I actually could not decide what I wanted to do when I did graduate, but I knew that I wanted to at least give myself a chance to see what it would be like being in a band.
Louis Goodman 10:44
So you were in a band, right? I mean you were, you were a drummer, correct?
Peter Goodman 10:48
Louis Goodman 10:49
And what kind of band was it and what was that experience like?
Peter Goodman 10:53
It was a blues band, but I met a guy who was the guitar player. He and I started looking for people, a young woman who I knew turned out to be an incredible singer, and there were six of us, I think. And we just put together this band and started playing usually not for money, but for political causes and things like that. And we were together about a year and a half and the band broke up and I was not sure what I wanted to do at that point. And I ended up living in Hawaii, which is something I think you and I shared in common on Maui.
Louis Goodman 11:32
Where in Maui did you live?
Peter Goodman 11:35
Outside of Pa’ia.
Louis Goodman 11:36
What did you do when you were in Maui?
Peter Goodman 11:39
I picked guavas. I ended up in a commune, in a beautiful kind of valley right outside of Pa’ia and that’s how the commune raised money to keep going. We would pick guavas and take them to Pa’ia or Wailuku where the ships landed, you know, and get paid for that and grew a lot of our own stuff. And so it was great. It was like living a dream, you know, in a way.
Louis Goodman 12:12
How long did you live in Maui?
Peter Goodman 12:14
I lived there about six months. And after that, although I loved it there, I got a little bit tired of feeling as cut off as I did from what was actually happening on the mainland. And I realized that I really did need an infusion of what was happening in the world and just, you know, as much as I loved it there, I couldn’t see spending the rest of my life there. So I decided to come back.
Louis Goodman 12:45
And was it after you left Maui that you went to law school? So where did you go to law school?
Peter Goodman 12:51
Louis Goodman 12:52
What was it, and when was it that you first kind of knew that you really wanted to be a lawyer?
Peter Goodman 13:01
I think it was when I came back and our band had broken up when I was in Hawaii. I played with a bunch of people, but nothing was really coming together in terms of the band. And I thought, and I had gotten a pretty good idea of what it was like to be a musician when I was playing with Fluid Drive, that was the name of our band.

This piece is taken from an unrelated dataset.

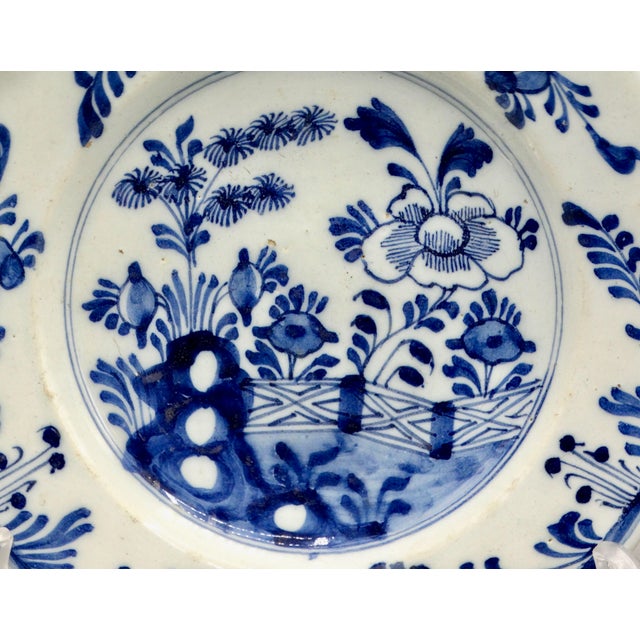 Delft 18th-Century Delft Chinoiserie Plates,. A Pair For Sale - Image 4 of 11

And, you know, staying up until two and three in the morning, seeing drunks everywhere. It was actually a lifestyle that I realized I did not want to partake in. And the people really were into music. That was their life. And they could ignore all of that stuff because they loved playing music so much. And I loved playing music, but I didn’t love it enough to give up everything else.
And what I realized later on was what you had to do if you want to be a musician, music is everything. And it wasn’t everything to me. And so if I figured I had to move on.
Louis Goodman 14:01
Yeah. My last job before I went to law school, I was a road manager for a band. It was, you know, I mean, it was serious. It was, it was, Clive Davis and Arista Money and we traveled all over the country and I was the road manager and, you know, moved a lot of equipment and drove a lot of equipment and handled a lot of band money and that sort of thing. I would sometimes sit in the club, in the sound booth usually, and I’d look out there and the band would be on stage and I’d look at the people there and I’d go, why are you here? I mean, you could just be at home in your own house and you’re out here in this grubby club and, you know, because all I really wanted to do was go home most of the time. And so I know something about that music experience and how you really do have to have something really above and beyond what normal people have in order to really make the most of that experience. And I never worked harder in my life than I did when I was managing that band.
So you went to law school at Golden Gate. How did that go?
Peter Goodman 15:25
I really liked it because they had also, at that time, women would be coming involved in, a larger number of women were becoming, were going to law school, a lot of whom had raised families and then decided, I don’t want to stick around, you know, in an empty nest.
I want to do something with the rest of my life. And they had enrolled in law school. So it was a really, it was like 50 percent women, 50 percent men. And I met some wonderful women and also, you know, Jim Harrigan? Jim Harrigan was the lawyer for the sheriff. He ended up being a lawyer for the sheriff. But he was, a friend I made in first year law school, and he was the one that actually told me, you know, the Alameda County Public Defender’s Office takes in student interns, and he was doing that, and he said, you should come over and see what it’s about, and I did, and I became an intern the second year, and then that really had a major impact on my career, because I loved it, I loved doing criminal, and I realized, this is what I want to do.
Louis Goodman 16:31
So it was your first job out of law school, the Alameda County Public Defender?
Peter Goodman 16:35
Louis Goodman 16:36
And how long were you there?
Peter Goodman 16:38
Louis Goodman 16:39
What sort of work did you do?
Peter Goodman 16:41
You know, the work that you’re also familiar with, where you get transferred from, I started out in Livermore, when Livermore had a court. And did interviews at Big Greystone and Little Greystone and saw the cops, the guards walking around, you know, the top, I mean, it was a wild, wild scene, and I did that for the first six months. And then I think I went to Hayward where I was there for a while, and then I got sent to Oakland.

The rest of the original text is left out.